Yulia, 32, thanked US lawmakers for their support but said delays had resulted in unnecessary deaths on the front lines as well as in the country’s major towns and cities. She also highlighted a widespread concern among Ukrainians that conflicts in other parts of the world have put Ukraine’s plight in the shadows.

“It is essential that the issue of assistance to Ukraine does not become secondary to the war in Israel, meaning we fade into the background. It is important that the aid does not stop, important that it continues,” she said.

Roman, 49, was even more circumspect, describing his frustrations with Ukraine’s reliance on Western support. He referenced a decision taken in 1994, shortly after independence, when Kyiv gave up the nuclear weapons stationed on its territory during Soviet times – now seen by many Ukrainians as a calamitous mistake.

“It seems to me that this [vote on military aid] should not have taken this long. Back in the day, Ukraine gave up nuclear weapons under pressure from the United States, and it was under US pressure that we destroyed all our aviation and handed some of it over to Russia. It is these aircraft that are now launching missile strikes against our country – missiles that we handed over to Russia,” he said, adding that US pressure back then meant Washington should feel an obligation to help Ukraine now.
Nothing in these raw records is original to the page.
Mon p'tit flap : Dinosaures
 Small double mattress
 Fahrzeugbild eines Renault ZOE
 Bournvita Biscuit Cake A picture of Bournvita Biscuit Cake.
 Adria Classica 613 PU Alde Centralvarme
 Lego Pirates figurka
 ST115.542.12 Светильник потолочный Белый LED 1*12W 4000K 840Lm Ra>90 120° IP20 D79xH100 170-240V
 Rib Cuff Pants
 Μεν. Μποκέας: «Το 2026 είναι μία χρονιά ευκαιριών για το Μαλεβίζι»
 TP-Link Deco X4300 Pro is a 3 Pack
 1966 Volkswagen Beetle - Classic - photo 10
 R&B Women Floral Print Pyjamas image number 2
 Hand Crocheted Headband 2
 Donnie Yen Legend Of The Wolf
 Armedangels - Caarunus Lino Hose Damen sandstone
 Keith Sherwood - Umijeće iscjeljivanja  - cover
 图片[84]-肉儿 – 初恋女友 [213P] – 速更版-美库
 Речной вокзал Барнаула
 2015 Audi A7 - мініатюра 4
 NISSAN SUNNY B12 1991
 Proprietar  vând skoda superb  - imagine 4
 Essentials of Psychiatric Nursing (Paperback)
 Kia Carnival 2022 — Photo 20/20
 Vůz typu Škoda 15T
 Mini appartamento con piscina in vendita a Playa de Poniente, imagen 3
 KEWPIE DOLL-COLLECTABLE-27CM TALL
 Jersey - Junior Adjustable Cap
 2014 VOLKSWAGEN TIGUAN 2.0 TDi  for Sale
“The war has taught us not to trust anyone. We became realists and fatalists a long time ago. I will believe that there is aid when it actually enters Ukraine,” he added.

Hanna, 42, was more upbeat.

“At last! We have been waiting for this for so long. The last six months have been very difficult, we lacked everything – equipment, ammunition, weapons. This is not only Ukraine’s war. It is a war of the entire world,” she said.

Danylo, 23, also struck a more positive note, saying the entire country felt relief knowing US military aid would likely start flowing again after the House vote.

“All Ukrainians have been waiting for this bill to finally pass. Ukraine has been without American aid for a long time. Without US assistance, Ukraine has little chance of success on the battlefield,” he said.

“We hope that after the adoption of this law, Ukraine will seize the initiative and save as many human lives as possible and finally be able to liberate our lands from Russian occupation.”

An expression of Ukrainian relief also came at Kyiv’s National Palace of Arts on Saturday evening. In a break between songs at a concert given by popular singers Oleksandr Ponomariov and Mykhailo Khoma, the event emcee took to the stage to announce the result of the US House vote.

The news triggered cheering among the three thousand plus audience and a sustained round of applause.